At The Teaching Well, we know that meaningful recovery begins with how intentionally we design the down time we have. Winter Break is one of the richest opportunities for both micro-doses of care and macro-doses of nourishment—if we honor what our body, heart, and nervous system actually need.
Applying the 3Rs
As a queer, Chicana, eldest daughter in a large blended family, Winter Break for me is full of tradition, laughter, and joyful chaos. I treasure it, but I also know how it feels to arrive at these gatherings completely depleted because I spent the Fall pushing through exhaustion without a plan for real rest. Through painful learning, I’ve come to see that my family deserves the version of me who is resourced and present—and I deserve that version of me too.
Below I’ll show you how I apply the 3Rs of Recovery: Rest, Restoration, and Right-Sizing the Mental Load to my own Winter Break. The 3Rs remind me that caring for myself is not selfish; it’s strategic. It helps me show up with the energy, love, and presence my communities deserve.

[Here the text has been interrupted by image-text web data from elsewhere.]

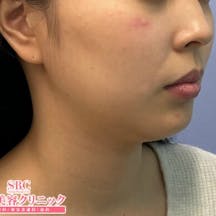 【女性・輪郭】脂肪溶解注射_before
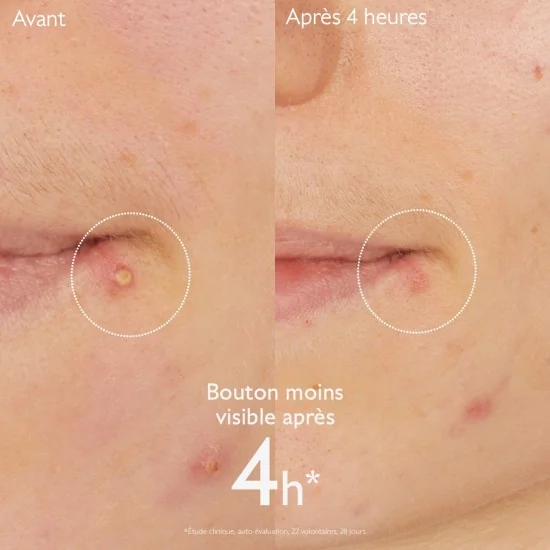 CAUDALIE VINOPURE - STOP BOUTONS SALICYLIQUE 15ML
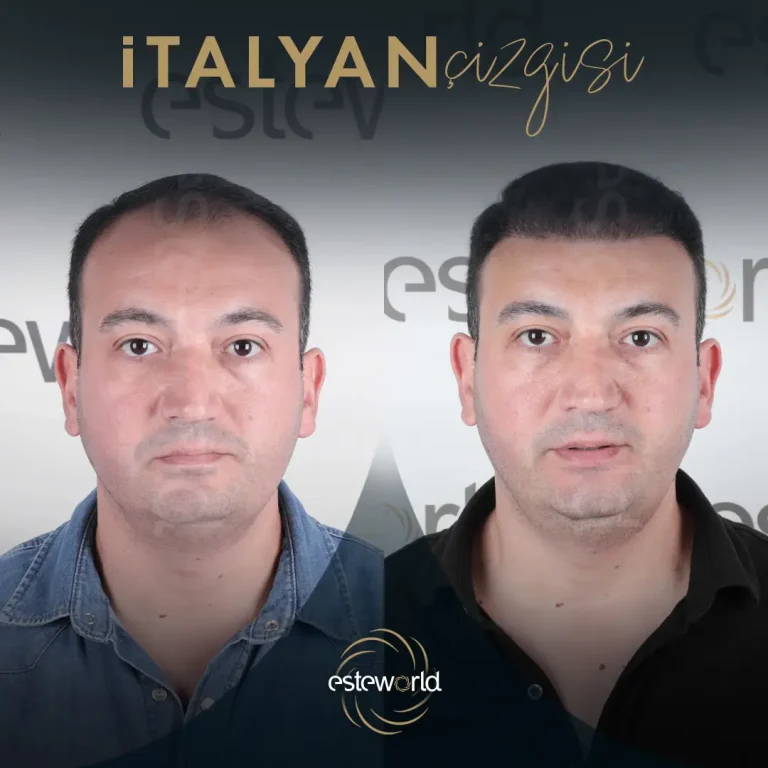 İtalyan Çizgisi - BA - 5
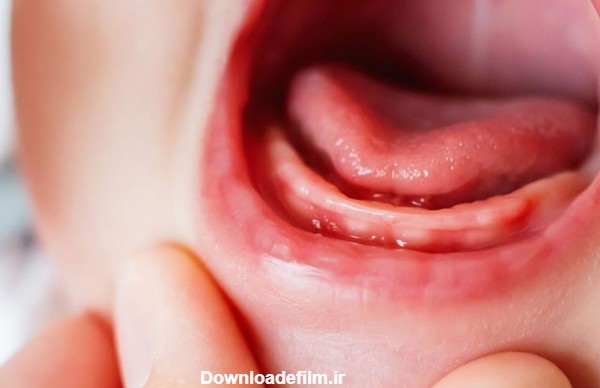 دندان درآوردن کودک؛ اولین مشکل جدی والدین.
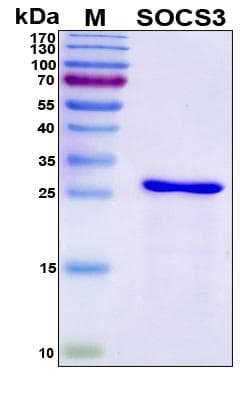 Human SOCS3 Protein (Recombinant His, N-Terminal)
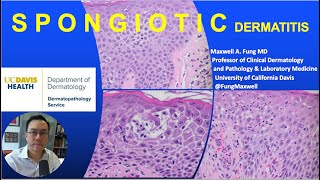 DERMATOPATHOLOGY Spongiotic Dermatitis [upl. by Resaec]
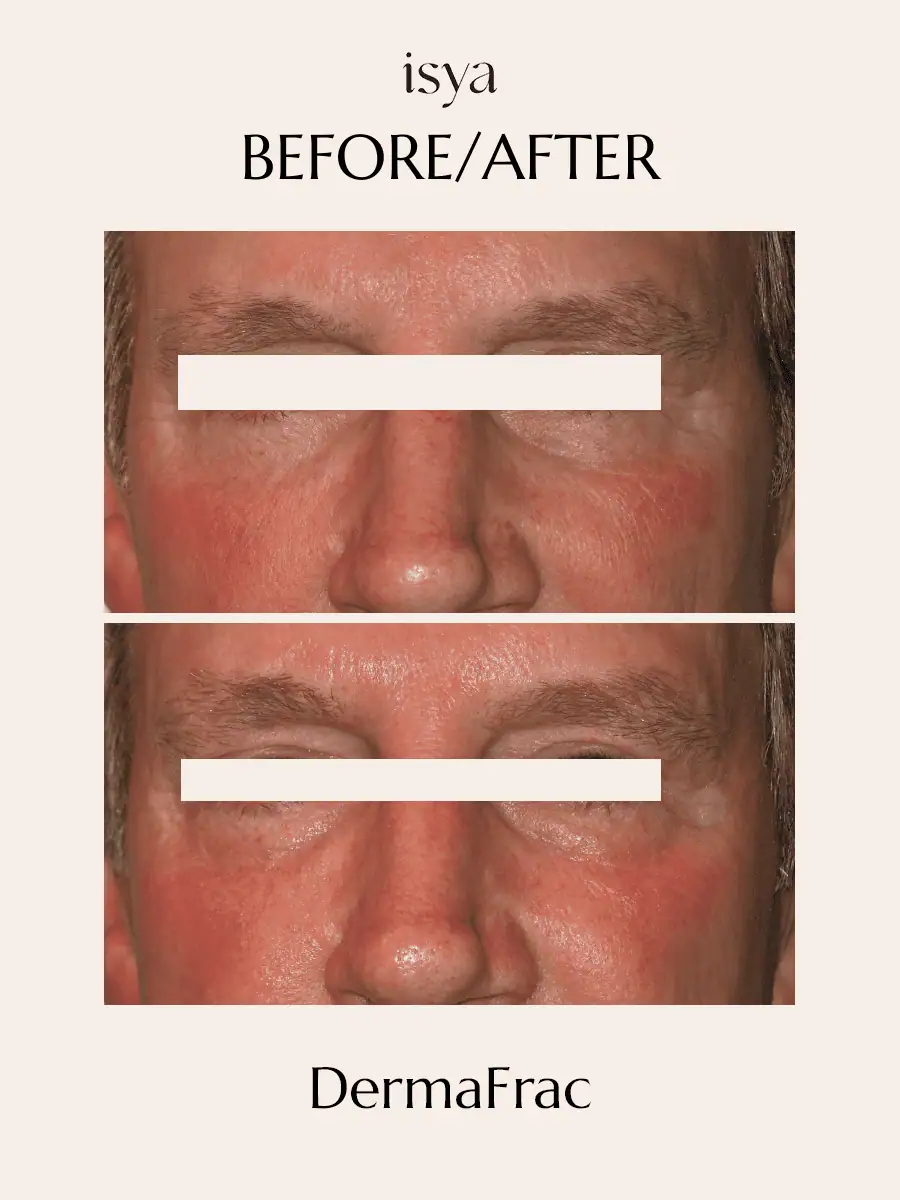 Dermafrac Before & After 4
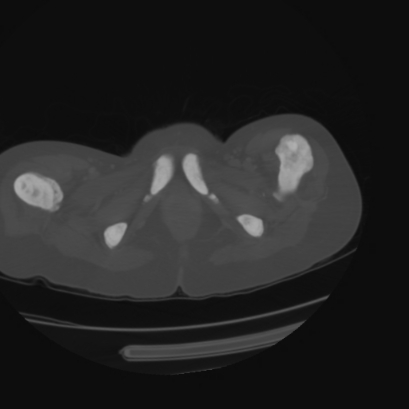 File:Acute calculous cholecystitis in patient with osteopetrosis (Radiopaedia 77871-90159 Axial bone window 53).jpg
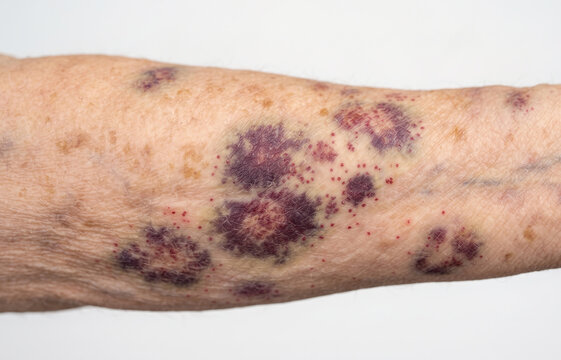 Close up of senile purpura actinic purpura dark bruising and blood spots on elderly arm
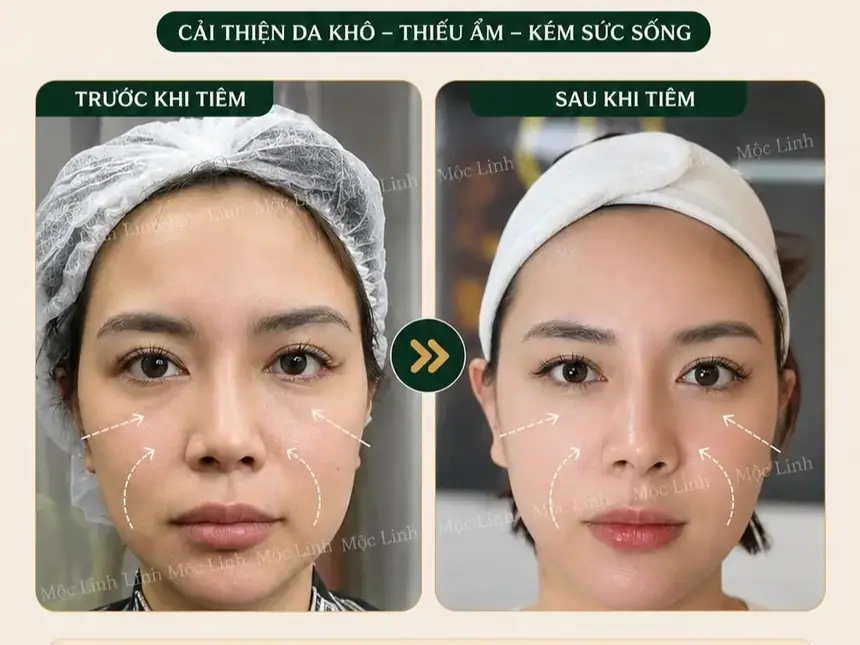 Tiêm BAP tại Thẩm Mỹ Mộc Linh Hải Phòng - hình 7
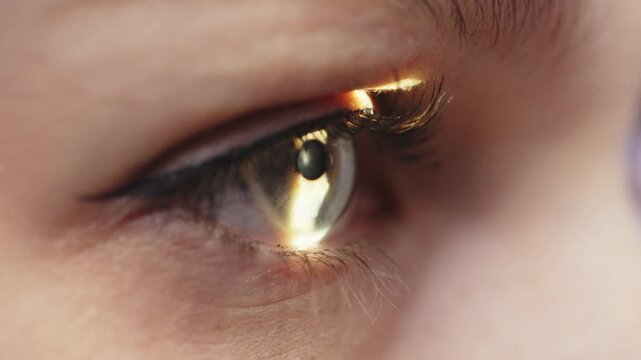 Close-up view of a woman's eye being examined with a slit lamp, showcasing detailed iris and pupil structure under bright light in a clinical setting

1. Rest: Let Your System Downshift
Rest is an intentional pause—a period of inaction where the nervous system finally exhales. Some of my favorite forms of rest include:
Doing Nothing — the luxurious kind of nothing where I stay in my pajamas all day and putz around the house with zero items on a to-do list. It’s like a permission slip to turn off.
Drink a cup of tea and read a good novel, preferably while sitting under my cedar trees.
Restorative yoga that reminds my body it has other speeds besides go.
Rest is where my system resets. Rest brings me back to myself. It is often the hardest thing for educators to give ourselves—and the most essential.
2. Restoration: Activities That Refuel You
If rest quiets the system, restoration recharges it. These activities require energy, which is why they usually come after rest.
My restoration practices include:
Hikes with friends or my favorite spin class
Slow cooking Winter meals (give me a broth-based soup!)
Creative rituals like vision boarding, watercolor, or writing poetry.
Restoration helps me feel alive again.
3. Right-Sizing the Mental Load: Clear What’s Weighing on You
This is the sneaky R—the one we don’t realize we need until our brain slows down enough to notice. For me, right-sizing the mental load looks like:
Booking the oil change I’ve postponed for… longer than I care to admit.
Tackling that messy drawer — the one that steals 2% of my vitality every time I open it.
Scheduling the dentist appointment I heroically avoid every Fall.
Doing a bit of second-semester planning only if it feels relieving.
Right-sizing isn’t about getting everything done; it’s about freeing up mental space for your future self to thrive.
Your Turn
Give your Winter Break a sprinkle of that legendary educator planning magic. The same magic you use to design unit plans, scaffold learning, and differentiate for every student — use just a dash of that to care for your professional, provider, and personal self.
A little strategy goes a long way. When we treat recovery as something worth preparing for, we give ourselves the chance to return more rested, more present, and more ourselves.
Here are a few questions to help you get you started with that plan.
When you think about rest, what are some of your favorite ways to truly unwind? What would rest actually look like for you this season?
Which restorative activities refuel you and help you return to yourself?
What is one right-sizing task your January self will absolutely thank you for?
At The Teaching Well, we are wishing that you get exactly what you need this Winter Break!